Only a short while ago, I set off on the daunting experience of taking a two week long road trip. Along the way we would stop in over 10 cities, eat loads of fast food, experience the culture in each city, try city beloved cuisine, hike, go to the boonies of western Pennsylvania, view Times Square, meet families – and more importantly, pets – and be together every step of the way.
Sounds fun, right?
Wrong! Okay, wrong is a harsh version of what I really thought. I was so excited to hit all of these different cities, definitely excited to eat, and best of all, I was doing it all with my best friend and love of my life.
Why was I so terrified?
Because how could I possibly spend hours upon hours in the car? I hate cars.

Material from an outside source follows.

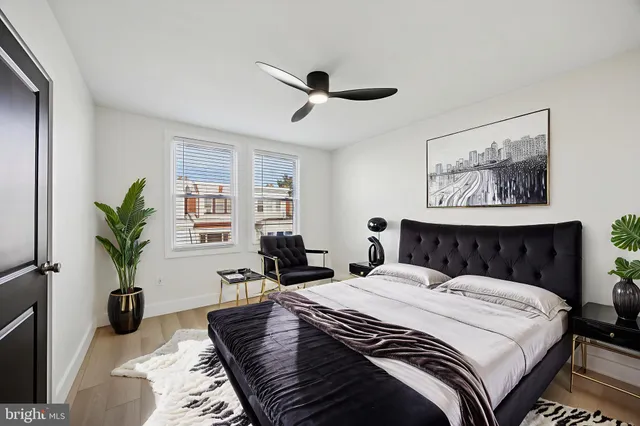 a bed room with a bed and a potted plant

I hate driving but if I’m not driving I get car sick. This was it, after Tyler see’s how terrible I am in cars, he’s going to rethink this whole relationship and be like ‘actually, bye.’
But thanks to his kindness and caring, the trip went brilliantly! You can check out how awesome it was here. There were some bumps, it wasn’t super smooth, but we had a blast! Since then I’ve taken another road trip all by myself, and Tyler and I are about to head out on another!
I’m still fresh to the road tripping life, but I’ve made the mistakes for you, so, below are some tips to skip your bumpy first road trip and get ahead of the game!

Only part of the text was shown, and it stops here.